[Assignment] The whole listing needs to be written out exactly, except for any images.

[Exercise data]
########################################
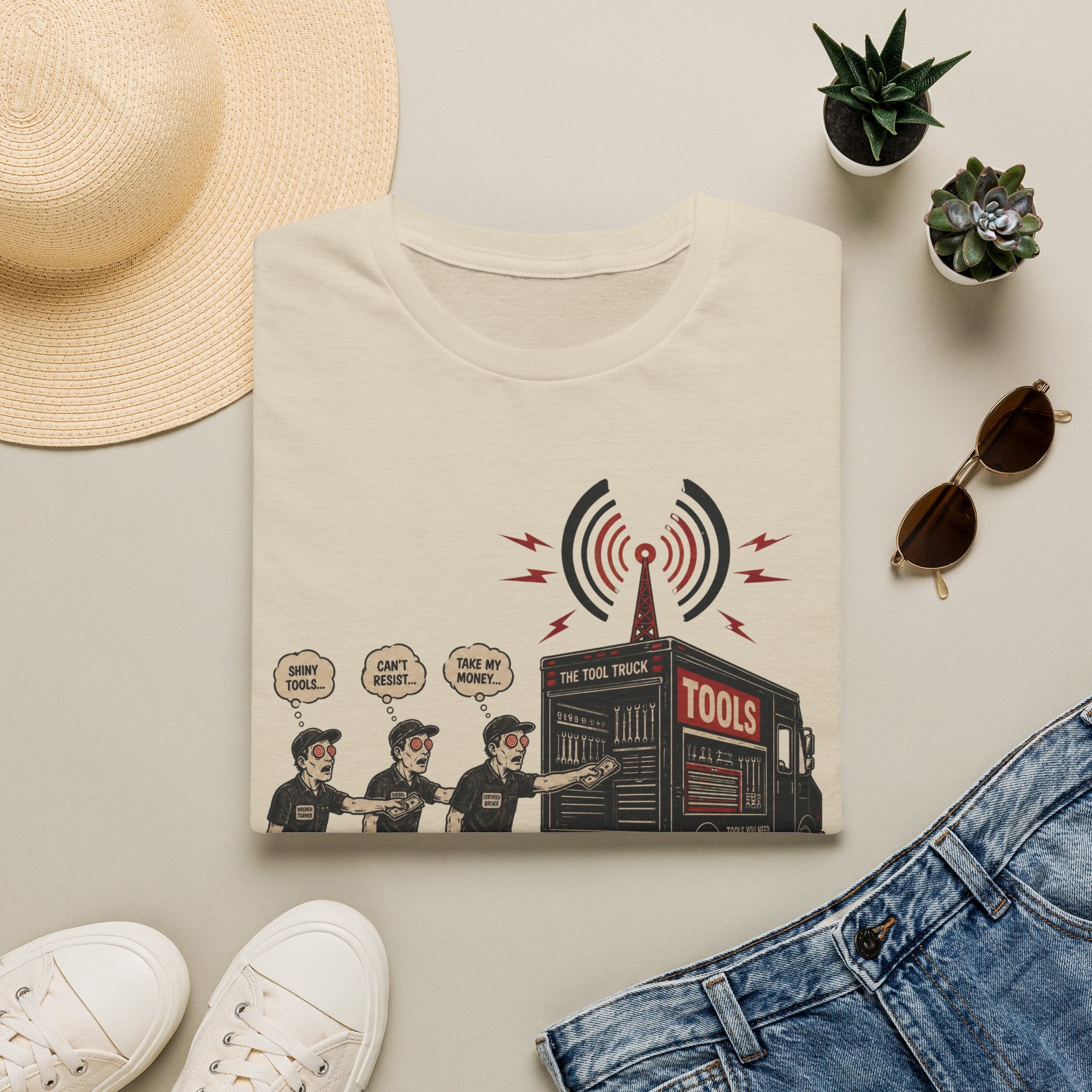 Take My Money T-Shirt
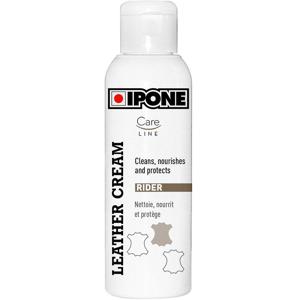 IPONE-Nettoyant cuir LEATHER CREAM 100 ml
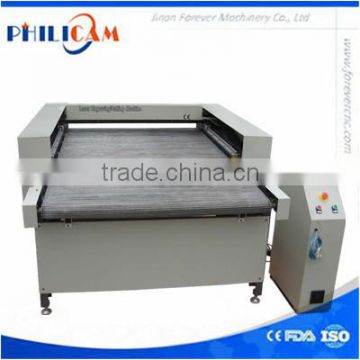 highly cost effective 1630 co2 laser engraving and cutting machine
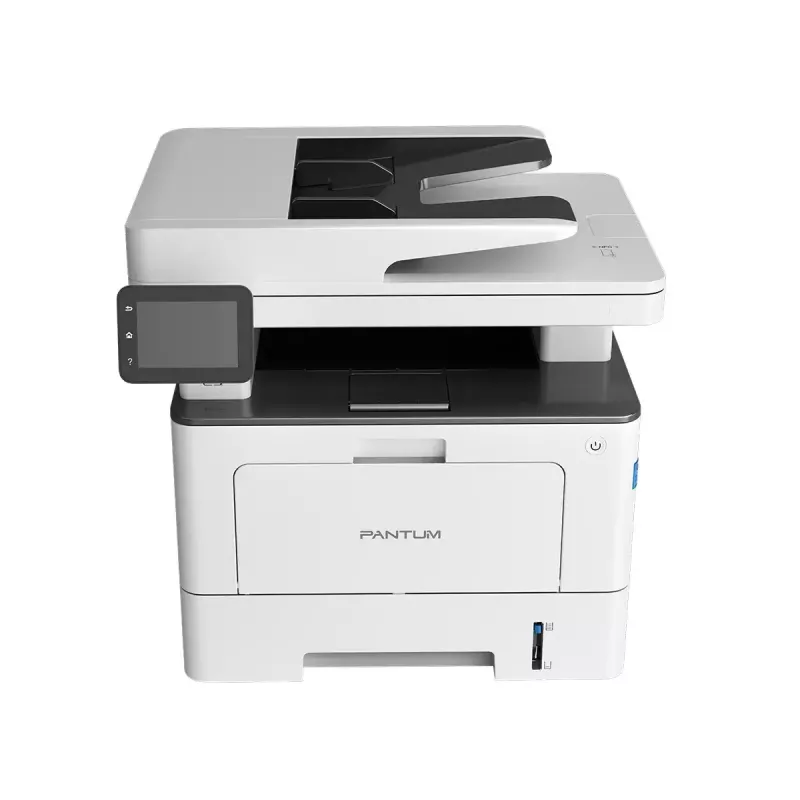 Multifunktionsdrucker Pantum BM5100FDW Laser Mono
########################################
[Written response]
 Take My Money T-Shirt
 IPONE-Nettoyant cuir LEATHER CREAM 100 ml
 highly cost effective 1630 co2 laser engraving and cutting machine
 Multifunktionsdrucker Pantum BM5100FDW Laser Mono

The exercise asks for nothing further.